• _What you will do_: Compute how many lines in the entries below include the string "with". Only the number is wanted.

• _Source records_:

━━━

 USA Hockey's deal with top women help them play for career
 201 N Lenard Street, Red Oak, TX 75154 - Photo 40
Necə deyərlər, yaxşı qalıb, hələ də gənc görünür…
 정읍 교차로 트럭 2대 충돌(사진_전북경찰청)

━━━

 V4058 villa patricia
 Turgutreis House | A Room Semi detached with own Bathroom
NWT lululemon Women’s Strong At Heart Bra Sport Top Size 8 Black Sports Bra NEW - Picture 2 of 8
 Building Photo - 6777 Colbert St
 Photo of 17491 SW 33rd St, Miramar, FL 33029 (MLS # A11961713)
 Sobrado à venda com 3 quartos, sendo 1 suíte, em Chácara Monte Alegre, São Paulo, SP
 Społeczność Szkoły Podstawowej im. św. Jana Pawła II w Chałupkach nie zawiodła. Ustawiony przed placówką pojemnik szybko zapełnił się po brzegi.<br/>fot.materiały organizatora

━━━

• _Output_: 2